Data-mining / Security

March 24, 2009 at 10:39:57
Specs: Windows XP
I am trying to tackle a networking project and need a little advice.

I am using a program that receives a continuous stream of data via the internet for several hours a day and so requires an active internet connection during those hours. The program displays the information on a graph as the data arrives. The same program allows me to statistically analyse the data. My main concern is that I cannot be sure that the program isn’t surreptitiously sharing my statistical analysis with the developers of the program or the third party that provides the data. In other words, the program could be engineered to take advantage of its constant access to the internet and participate in some sort of data-mining without my knowledge.

The obvious solution is a firewall, but the difficulty is that because the program has to have both inbound and outbound access to the internet, I would have to know exactly what information to block and what information to allow.

After some research on this, I found out about packet sniffing and used Wireshark to look at the data that the program sends and receives. The parts I can understand seem innocent enough, such as my username and password required to log into the data service. But there seems to be some traffic that is somehow encoded.

I have come to the conclusion that perhaps the best way to ensure absolute security is by using a network. Here is my laymen’s explanation of what I hope to achieve.

Instead of using just one computer, a network of two computers will be used.

The first computer will have a copy of the program on it and will have complete access the internet.

The data that is received via the internet in the first computer will somehow be forwarded onto a second computer.

The second computer will also have a copy of the program on it but will have no connection to the internet and will only receive the data forwarded to it by the first computer.

What would be the simplest way to proceed with implementing such a two-computer strategy? Or, is there a single-computer strategy that would ensure an equal level of security?


See More: Data-mining / Security

Report •


#1
March 24, 2009 at 12:09:33
I think what you really need is an encrypted VPN tunnel between your remote host and the PC you use to view the data on. This way nobody could monitor the data being transferred as it would be inside an encrypted VPN tunnel.

The parts I can understand seem innocent enough, such as my username and password required to log into the data service

Innocent enough!?!? Dude, if someone can do a packet capture on your traffic and get your username/password you use to login to the data service, it follows that they could then login to the same data service (as you) and do whatever they pleased to the computer(s) at the other end.
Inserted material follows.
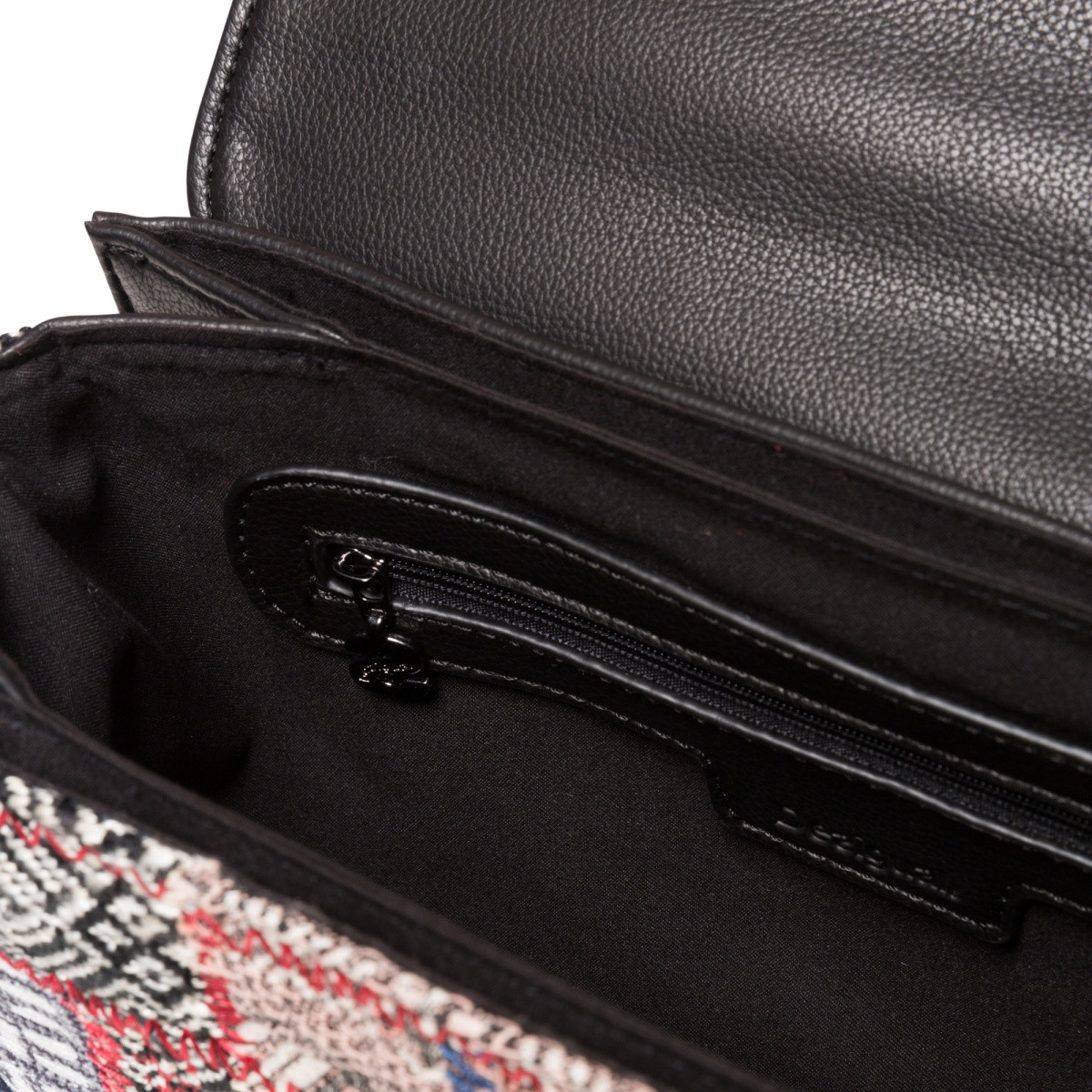 detail Dámská kabelka DESIGUAL 19WAXA36/ 2045 GRIS OSONA DESIGUAL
Do some googling on VPN tunnels and see if that isn't more what you need. It's worth noting that a lot of SOHO routers are capable of creating a VPN tunnel. Since SOHO routers are relatively inexpensive this could be a viable solution for you.


Report •

#2
March 24, 2009 at 13:00:13
Hello,

Thanks for the reply. Perhaps I need to clarify a few matters.
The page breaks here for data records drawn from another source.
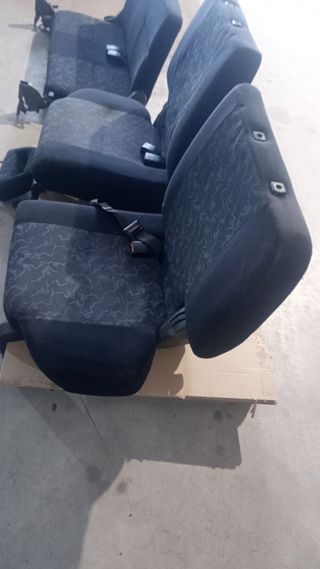 Asientos traseros para Nissan Terrano 2 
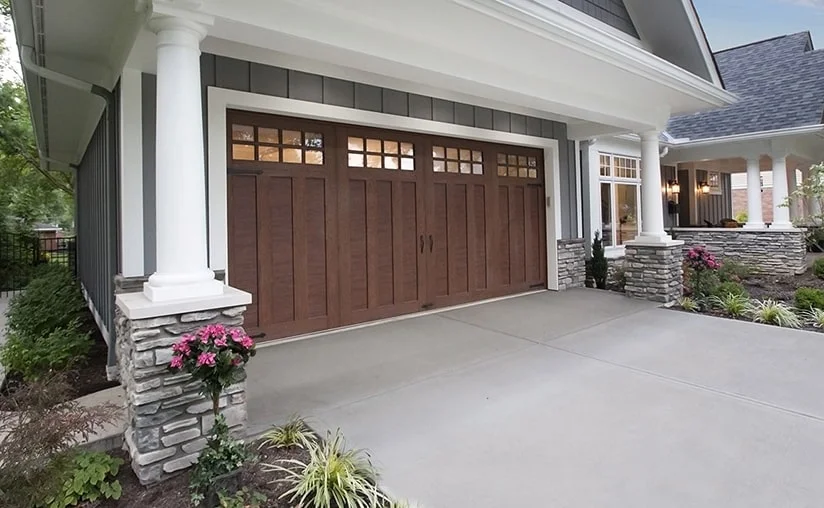 Carriage House Garage Door 4-L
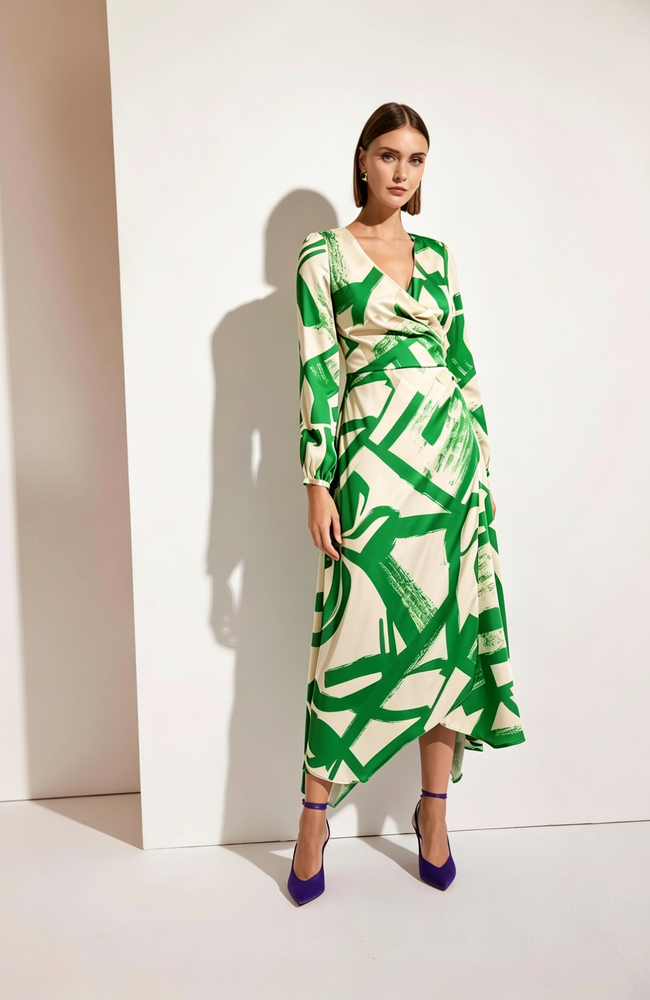 Carla Ruiz 51681 Green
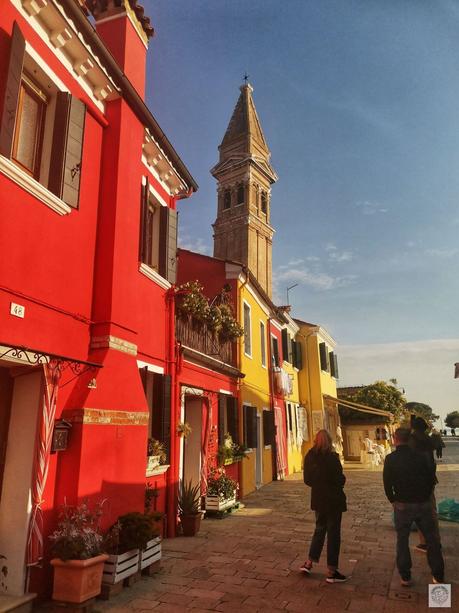 Let's travel together #298 - Chiesa di San Martino Vescovo (Church of Saint Martin Bishop, Burano) Let's travel together #298 - Chiesa di San Martino Vescovo (Church of Saint Martin Bishop, Burano)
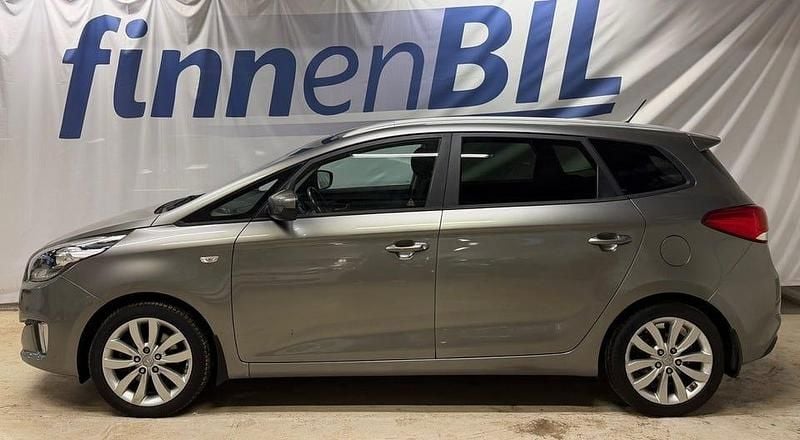 Begagnad Kia Carens 116 HK (85 kW) 2016 Grå Minibuss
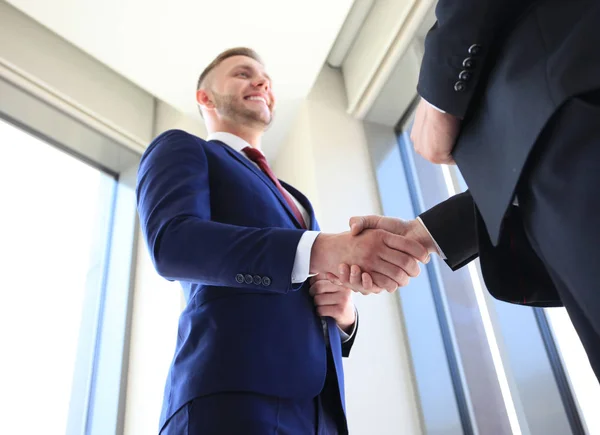 Affärsmän skakar hand — Stockfoto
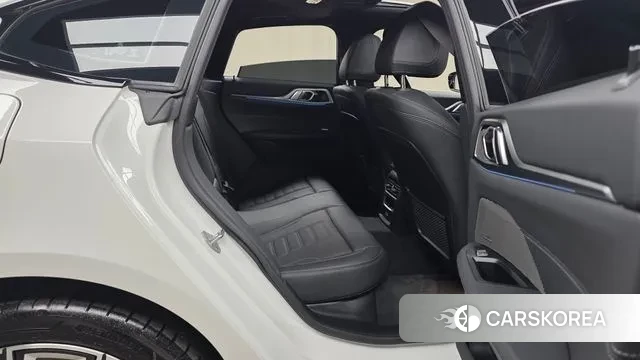 BMW i4 2024 Белый из Кореи, фото 3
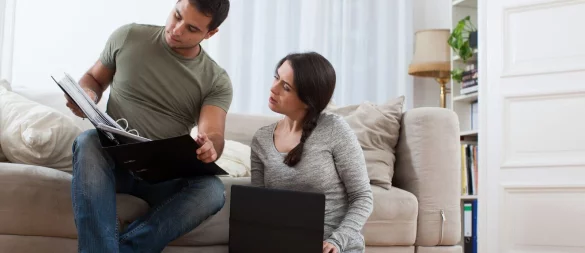 Er überweist Miete an sie. Muss sie diese Einnahmen gegenüber dem Finanzamt erklären? - © Christin Klose/dpa-tmn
I guess innocent wasn’t the best choice of words :) . I was just trying to illustrate the fact that some information is being sent in plaintext and some is being encrypted. My concern is that amongst the encrypted information could be information that I don’t want to share.

I was hoping that by using a network of two computers I could have one computer get all the information via the internet and then forward it to the second computer which wouldn’t have any connection to the internet. That way, I could use the internet-connected computer to retrieve the data, have that data forwarded to the second computer, and do all of my statistical analysis on the second computer. The second computer would have some form of firewall or other traffic management system to block all communication except that which was forwarded from the first computer.

I am no expert, but I don’t think that a VPN in and of itself would be the solution as the program itself can share data. So its not so much a matter of people seeing the data, but the fact that the data is being sent by the program. The program has to somehow be stopped from sharing data, thus the idea of the network with two computers.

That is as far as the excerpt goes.